Four days to the September 20 presidential and local elections and counting. I guess I should be releasing a new video on the topic, but there are so many facets of the elections that I am having difficulties coming up with a coherent script, and there are so many more great posters that go up every day faster than I can photograph them, but they are so great that I don't want to leave them out. If you ever played the computer game Zork: Grand Inquisitor, then you may get a joke I am thinking about making involving campaign posters and one of the presidential candidates. Oh, what the hey. Here you go.



I watched an interview on al-Jazeera with Faisal bin Shamlan (the only credible opposition presidential candidate in the history of Yemen). I am not fluent yet so of course I did not understand everything that was being said. I was in the frustrating position of understanding the question, or the answer, but usually not both at the same time. I did get some gems out of the interview though.

-Many tribal leaders just want a normal, representative government. They are leaning towards bin Shamlan.
-On the off chance that bin Shamlan actually wins a majority (estimated as up to 70%!) we don't know whether mechanisms to transfer power exist, and whether they would work.
-Several accusations of corruption were hurled at the current regime.

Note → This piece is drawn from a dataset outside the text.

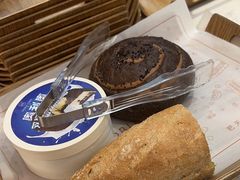 -NOBLE CAKE喏宝欧式蛋糕店(工商联大厦店)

I've been having a heck of a time arguing with some American students here who insist that the US would not work with bin Shamlan because he his Islahi, and that the disruption of order would be too great if he were to win. Now I can see martial law being declared and other illegal tactics, including violence, to prevent bin Shamlan from taking power if he were to win. But that we would refuse to work with him becuase he is Islahi? False statement! Although bin Shamlan represents a coalition of five parties that includes Islah (the premier opposition party, happens to be Islamist), bin Shamlan is otherwise an independent who does not actually belong to any of those five parties, so he's not a Nasserite or a Socialist either, and any one who says that he is, is committing a fallacy. I fully understand why the U.S. government works with Saleh, because really we have no other choice, and he does have the tribal/political connections to get things done. I'd say that if bin Shamlan wins the election, that would be pretty solid proof that he has enough support to rule, expecially since he has to win despite all the voter fraud that I predict will occur.

Bin Shamlan's basic platform, aside from fighting poverty, is one of political reform to reinstate old term limits and have a truly independent judiciary, among other elements of reform. His campaign promises are actually a step in the right direction towards real democracy, a goal which the U.S. swears that it wants. Electing bin Shamlan is not the same thing as electing Hamas or Hizbollah. Bin Shamlan has no radical foreign policy agenda that the Bush administration would have a hard time swallowing. A more democratic Yemen would show her neighbors a thing or two. The only problem I could see with bin Shamlan is the possibility of instability and violence in a prolonged succession struggle.

2 comments:

Ryan S. said...

شكرا! I would type more Arabic but I am horribly slow and don't know where all the letters are here at the internet cafe. wa lakin, kaif Sana'a?